*** The records ***

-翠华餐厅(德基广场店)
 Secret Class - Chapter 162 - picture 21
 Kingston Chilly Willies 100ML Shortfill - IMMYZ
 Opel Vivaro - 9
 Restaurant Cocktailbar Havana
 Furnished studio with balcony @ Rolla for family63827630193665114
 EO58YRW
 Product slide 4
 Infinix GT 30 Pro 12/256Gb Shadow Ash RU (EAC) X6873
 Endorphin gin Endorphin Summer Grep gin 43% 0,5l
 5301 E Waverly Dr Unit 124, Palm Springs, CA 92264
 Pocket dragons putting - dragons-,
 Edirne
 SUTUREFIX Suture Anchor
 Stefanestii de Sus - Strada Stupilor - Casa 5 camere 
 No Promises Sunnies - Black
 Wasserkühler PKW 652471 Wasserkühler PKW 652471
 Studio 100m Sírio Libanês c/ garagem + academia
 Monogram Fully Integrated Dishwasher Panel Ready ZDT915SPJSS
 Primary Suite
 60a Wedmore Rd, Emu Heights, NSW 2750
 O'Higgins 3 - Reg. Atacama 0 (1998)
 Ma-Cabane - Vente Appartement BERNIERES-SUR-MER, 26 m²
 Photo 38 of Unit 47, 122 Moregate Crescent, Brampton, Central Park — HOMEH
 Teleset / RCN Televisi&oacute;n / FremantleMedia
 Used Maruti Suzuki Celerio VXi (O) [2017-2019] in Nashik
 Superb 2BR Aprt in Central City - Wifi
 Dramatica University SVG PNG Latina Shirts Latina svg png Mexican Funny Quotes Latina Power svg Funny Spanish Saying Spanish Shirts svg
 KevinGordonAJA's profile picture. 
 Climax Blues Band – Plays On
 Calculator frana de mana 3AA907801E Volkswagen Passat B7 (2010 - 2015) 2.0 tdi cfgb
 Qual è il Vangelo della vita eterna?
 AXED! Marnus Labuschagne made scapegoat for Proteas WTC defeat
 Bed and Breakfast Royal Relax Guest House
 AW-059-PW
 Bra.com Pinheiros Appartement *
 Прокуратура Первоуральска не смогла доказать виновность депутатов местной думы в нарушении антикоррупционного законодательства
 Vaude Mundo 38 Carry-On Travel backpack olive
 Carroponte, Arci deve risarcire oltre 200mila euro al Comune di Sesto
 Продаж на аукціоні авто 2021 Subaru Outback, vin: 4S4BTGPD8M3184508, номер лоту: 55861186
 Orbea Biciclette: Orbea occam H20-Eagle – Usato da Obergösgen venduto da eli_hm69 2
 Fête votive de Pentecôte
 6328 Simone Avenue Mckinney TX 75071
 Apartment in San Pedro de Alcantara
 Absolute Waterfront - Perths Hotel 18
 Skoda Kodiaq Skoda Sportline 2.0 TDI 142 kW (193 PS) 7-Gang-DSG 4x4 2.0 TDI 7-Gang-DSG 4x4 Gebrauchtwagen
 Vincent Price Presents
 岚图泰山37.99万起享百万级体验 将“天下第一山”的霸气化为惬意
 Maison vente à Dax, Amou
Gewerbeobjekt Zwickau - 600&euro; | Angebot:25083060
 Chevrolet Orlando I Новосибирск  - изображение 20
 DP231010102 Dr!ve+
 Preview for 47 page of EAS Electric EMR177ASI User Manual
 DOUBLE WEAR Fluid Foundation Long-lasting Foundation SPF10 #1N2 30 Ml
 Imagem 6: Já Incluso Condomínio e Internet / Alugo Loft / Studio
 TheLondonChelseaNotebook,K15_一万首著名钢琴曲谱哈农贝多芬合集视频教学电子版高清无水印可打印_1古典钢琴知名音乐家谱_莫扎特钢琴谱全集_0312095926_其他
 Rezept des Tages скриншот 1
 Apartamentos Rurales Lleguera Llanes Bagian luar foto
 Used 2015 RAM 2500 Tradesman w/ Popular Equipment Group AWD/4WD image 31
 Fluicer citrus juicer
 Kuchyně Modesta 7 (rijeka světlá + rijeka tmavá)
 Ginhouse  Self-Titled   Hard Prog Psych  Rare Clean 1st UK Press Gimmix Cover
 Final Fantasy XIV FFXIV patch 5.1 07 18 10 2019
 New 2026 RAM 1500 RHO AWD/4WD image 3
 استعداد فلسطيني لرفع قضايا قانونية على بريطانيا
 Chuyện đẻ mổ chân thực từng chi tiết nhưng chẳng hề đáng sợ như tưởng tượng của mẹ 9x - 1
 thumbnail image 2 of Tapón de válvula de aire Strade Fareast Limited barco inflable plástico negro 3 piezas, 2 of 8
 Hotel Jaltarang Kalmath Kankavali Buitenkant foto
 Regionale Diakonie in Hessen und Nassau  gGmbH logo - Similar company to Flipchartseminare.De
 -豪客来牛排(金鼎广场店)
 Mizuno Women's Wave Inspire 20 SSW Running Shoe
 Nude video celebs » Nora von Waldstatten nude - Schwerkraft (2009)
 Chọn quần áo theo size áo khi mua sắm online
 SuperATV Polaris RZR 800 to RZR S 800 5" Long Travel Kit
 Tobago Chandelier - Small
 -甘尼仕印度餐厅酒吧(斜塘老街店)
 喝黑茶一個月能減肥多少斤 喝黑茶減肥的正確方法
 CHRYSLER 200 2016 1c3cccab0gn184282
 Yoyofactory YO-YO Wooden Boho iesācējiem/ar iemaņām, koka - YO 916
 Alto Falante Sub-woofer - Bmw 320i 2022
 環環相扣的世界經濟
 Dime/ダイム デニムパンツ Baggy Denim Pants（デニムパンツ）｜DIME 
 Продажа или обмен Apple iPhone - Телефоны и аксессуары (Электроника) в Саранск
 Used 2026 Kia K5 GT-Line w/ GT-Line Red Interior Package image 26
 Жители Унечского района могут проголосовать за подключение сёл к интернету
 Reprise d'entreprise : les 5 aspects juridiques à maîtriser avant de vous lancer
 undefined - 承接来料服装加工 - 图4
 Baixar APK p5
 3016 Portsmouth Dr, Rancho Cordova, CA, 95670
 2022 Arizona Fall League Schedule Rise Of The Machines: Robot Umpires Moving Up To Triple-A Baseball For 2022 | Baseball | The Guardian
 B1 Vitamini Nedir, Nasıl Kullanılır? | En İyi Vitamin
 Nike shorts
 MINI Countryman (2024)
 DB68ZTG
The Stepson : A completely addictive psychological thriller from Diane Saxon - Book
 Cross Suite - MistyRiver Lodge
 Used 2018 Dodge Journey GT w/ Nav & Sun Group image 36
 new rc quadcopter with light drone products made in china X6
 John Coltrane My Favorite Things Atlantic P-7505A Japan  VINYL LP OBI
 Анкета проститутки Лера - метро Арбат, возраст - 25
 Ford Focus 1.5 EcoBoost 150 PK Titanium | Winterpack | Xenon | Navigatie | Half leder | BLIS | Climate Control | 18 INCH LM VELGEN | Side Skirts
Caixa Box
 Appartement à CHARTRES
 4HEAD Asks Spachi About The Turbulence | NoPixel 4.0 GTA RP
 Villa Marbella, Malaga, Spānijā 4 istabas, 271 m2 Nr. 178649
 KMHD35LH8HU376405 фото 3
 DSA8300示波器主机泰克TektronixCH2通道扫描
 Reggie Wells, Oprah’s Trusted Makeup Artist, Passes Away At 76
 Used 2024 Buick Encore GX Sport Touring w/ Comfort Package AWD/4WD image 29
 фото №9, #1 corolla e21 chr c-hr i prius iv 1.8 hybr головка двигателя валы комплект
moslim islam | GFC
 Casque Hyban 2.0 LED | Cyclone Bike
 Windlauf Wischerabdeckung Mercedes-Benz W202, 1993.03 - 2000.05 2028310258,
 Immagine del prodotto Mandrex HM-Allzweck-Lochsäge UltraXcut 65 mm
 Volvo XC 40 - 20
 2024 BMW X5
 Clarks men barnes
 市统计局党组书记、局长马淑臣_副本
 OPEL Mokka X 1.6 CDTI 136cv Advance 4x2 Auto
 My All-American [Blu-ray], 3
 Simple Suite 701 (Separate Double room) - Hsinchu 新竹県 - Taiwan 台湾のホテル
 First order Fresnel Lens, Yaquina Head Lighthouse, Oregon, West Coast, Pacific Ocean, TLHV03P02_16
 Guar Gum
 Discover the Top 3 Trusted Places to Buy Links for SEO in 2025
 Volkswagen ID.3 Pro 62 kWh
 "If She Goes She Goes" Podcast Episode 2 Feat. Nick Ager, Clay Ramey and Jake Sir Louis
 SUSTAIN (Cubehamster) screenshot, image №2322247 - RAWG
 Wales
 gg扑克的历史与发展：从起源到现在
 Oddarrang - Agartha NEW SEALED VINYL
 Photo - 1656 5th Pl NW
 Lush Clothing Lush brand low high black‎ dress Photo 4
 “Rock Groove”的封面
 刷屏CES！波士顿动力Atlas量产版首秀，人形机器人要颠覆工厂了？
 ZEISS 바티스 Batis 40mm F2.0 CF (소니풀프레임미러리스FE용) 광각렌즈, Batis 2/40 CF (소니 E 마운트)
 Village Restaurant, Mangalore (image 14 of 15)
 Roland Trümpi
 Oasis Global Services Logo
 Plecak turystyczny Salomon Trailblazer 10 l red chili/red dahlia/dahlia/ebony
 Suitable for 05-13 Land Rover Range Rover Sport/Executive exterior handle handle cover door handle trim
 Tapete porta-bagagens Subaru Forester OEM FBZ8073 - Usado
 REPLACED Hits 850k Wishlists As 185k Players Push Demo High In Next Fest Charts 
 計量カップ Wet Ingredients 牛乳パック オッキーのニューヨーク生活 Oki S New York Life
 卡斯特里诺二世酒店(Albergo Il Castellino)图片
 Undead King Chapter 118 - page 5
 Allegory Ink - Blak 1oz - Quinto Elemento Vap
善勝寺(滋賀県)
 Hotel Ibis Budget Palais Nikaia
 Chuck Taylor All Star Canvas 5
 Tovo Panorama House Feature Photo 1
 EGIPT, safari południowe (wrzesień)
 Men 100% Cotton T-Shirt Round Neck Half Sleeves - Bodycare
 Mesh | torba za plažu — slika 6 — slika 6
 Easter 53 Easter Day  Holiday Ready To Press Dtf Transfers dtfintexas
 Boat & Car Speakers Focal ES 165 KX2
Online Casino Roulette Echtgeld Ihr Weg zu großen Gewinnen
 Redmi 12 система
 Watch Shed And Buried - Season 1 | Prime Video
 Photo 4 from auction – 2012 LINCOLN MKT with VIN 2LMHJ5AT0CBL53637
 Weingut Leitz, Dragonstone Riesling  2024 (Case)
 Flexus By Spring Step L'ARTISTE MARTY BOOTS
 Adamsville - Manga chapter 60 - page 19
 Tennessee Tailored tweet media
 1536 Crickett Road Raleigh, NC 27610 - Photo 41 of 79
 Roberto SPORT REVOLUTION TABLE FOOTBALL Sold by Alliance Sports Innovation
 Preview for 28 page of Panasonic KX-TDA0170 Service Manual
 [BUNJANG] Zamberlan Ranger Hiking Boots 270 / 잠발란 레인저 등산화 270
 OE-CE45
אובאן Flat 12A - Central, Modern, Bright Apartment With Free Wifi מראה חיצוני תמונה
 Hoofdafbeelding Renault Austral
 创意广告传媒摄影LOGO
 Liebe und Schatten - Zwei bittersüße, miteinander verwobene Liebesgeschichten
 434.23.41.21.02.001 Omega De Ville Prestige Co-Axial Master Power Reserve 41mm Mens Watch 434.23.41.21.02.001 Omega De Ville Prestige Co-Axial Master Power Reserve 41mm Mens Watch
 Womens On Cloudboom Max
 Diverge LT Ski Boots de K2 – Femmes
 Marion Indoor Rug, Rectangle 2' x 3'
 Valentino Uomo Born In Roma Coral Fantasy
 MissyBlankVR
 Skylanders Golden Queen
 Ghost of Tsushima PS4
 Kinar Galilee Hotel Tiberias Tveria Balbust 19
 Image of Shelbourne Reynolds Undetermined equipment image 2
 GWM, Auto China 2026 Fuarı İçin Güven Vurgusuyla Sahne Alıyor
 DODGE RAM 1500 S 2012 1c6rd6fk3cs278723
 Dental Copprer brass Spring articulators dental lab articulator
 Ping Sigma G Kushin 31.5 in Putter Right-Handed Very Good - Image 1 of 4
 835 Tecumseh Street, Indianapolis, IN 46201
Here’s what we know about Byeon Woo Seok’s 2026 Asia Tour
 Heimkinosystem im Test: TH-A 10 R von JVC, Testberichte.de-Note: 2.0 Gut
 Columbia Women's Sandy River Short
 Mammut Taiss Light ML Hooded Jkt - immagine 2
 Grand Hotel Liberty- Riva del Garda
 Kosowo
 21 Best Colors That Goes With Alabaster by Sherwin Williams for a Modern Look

***

» **Exercise directions**: All lines in the listing above from the line containing "אובאן Flat 12A" to the line containing "Here’s what we", inclusive, should be retyped exactly; no other lines should appear.

» **Task output**:
אובאן Flat 12A - Central, Modern, Bright Apartment With Free Wifi מראה חיצוני תמונה
 Hoofdafbeelding Renault Austral
 创意广告传媒摄影LOGO
 Liebe und Schatten - Zwei bittersüße, miteinander verwobene Liebesgeschichten
 434.23.41.21.02.001 Omega De Ville Prestige Co-Axial Master Power Reserve 41mm Mens Watch 434.23.41.21.02.001 Omega De Ville Prestige Co-Axial Master Power Reserve 41mm Mens Watch
 Womens On Cloudboom Max
 Diverge LT Ski Boots de K2 – Femmes
 Marion Indoor Rug, Rectangle 2' x 3'
 Valentino Uomo Born In Roma Coral Fantasy
 MissyBlankVR
 Skylanders Golden Queen
 Ghost of Tsushima PS4
 Kinar Galilee Hotel Tiberias Tveria Balbust 19
 Image of Shelbourne Reynolds Undetermined equipment image 2
 GWM, Auto China 2026 Fuarı İçin Güven Vurgusuyla Sahne Alıyor
 DODGE RAM 1500 S 2012 1c6rd6fk3cs278723
 Dental Copprer brass Spring articulators dental lab articulator
 Ping Sigma G Kushin 31.5 in Putter Right-Handed Very Good - Image 1 of 4
 835 Tecumseh Street, Indianapolis, IN 46201
Here’s what we know about Byeon Woo Seok’s 2026 Asia Tour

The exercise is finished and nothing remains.